PMSE ('ice') occurs not in a single, narrow layer, but across several km in height.
What, then, do we know?

(1) We have a layer of metallic ions which become coated with charged ice in summer that occur roughly at E height.  This height is not fixed, but varies by many kilometres.

(2) The mesosphere (about 15km below E height), is largely quiescent in winter, when there is little energy to disturb it from below, but highly disturbed in summer.

(3) These disturbances are caused by - and form - large-wavelength wave structures at the mesopause.

(4) Windshear is not the only mechanism that can concentrate ions.  Gravity waves also can.

From these three things, we can pretty confidently suggest that it's very likely the waves present rapidly-varying reflective (or refractive, if you prefer) surfaces from which 6m signals can be propagated. 

The fact that 6m propagation to JA is transient, and not permanent during summer is simply because it requires the correct alignment of different areas of 'wavy structures' to allow a signal to hop successfully from Europe to JA.  This alignment, because the wind velocity at 85km is up to 400m/s, is never likely to last for very long for any given two stations.  But the occasional, continuous background of mass upward movement of gravity waves can give rise to several hours of conditions that will allow such propagation.

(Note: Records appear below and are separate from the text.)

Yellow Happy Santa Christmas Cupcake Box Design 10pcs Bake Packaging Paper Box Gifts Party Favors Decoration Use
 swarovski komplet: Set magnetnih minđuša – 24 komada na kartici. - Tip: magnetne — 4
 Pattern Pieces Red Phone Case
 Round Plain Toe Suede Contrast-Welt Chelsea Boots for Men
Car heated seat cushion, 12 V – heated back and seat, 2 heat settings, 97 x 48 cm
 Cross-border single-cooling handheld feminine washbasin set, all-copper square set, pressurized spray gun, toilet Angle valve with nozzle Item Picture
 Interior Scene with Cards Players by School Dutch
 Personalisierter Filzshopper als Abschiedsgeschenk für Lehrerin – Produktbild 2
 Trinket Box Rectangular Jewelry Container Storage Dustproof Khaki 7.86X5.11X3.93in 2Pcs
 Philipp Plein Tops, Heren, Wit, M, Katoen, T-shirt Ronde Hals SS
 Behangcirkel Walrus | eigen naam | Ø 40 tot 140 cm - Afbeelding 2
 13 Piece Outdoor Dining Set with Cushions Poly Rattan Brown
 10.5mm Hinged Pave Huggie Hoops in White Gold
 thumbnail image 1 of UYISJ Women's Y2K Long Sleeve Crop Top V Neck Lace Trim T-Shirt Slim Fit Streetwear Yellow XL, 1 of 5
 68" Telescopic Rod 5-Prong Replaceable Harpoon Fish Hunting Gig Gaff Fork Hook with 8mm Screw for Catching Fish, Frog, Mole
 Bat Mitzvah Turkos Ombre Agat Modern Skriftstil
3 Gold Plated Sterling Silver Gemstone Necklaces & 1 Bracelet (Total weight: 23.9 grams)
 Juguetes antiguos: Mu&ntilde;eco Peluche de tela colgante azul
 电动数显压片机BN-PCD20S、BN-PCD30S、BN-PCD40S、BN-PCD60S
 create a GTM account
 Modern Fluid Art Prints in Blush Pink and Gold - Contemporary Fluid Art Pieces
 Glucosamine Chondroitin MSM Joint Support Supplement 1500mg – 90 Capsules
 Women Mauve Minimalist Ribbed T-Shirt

Altogether, this mechanism for explaining summertime Es propagation at 6m seems entirely non-controversial and simple.  But responses to JE1BMJ's article have tended to bring about a dismissal from other operators who think they know better.  This dismissal seems simply to have been yet another manifestation of people - often a bit older - who have become rigid in their thinking, coupled to not actually knowing very much about the atmosphere they rely upon.

But there's plenty we can do to shore-up the evidence.  Es propagation isn't limited to 6m, and my own interest with 12m, for which I'm much better equipped, shows it has a big influence there, too.  Over the past few days, I can see that, when there is NLC and/or PMSE present, I will get FT8 signal reports around midnight from at least the distance of Europe when beaming to the NNE.  On nights when there are no NLC or PMSE, it appears those signal reports do not occur, or are much more limited.

In the end, should we be be surprised if a layer of metal ions, with some charged ice as well, and disturbed in these complex and beautiful ways by waves, sometimes gives rise to 6m DX?  We may not be able to prove (yet) that any given QSO is due to this mechanism, but, in general, I think it will explain most such QSOs.

Where I will yield is that there is plenty more evidence to gather, and thought to give!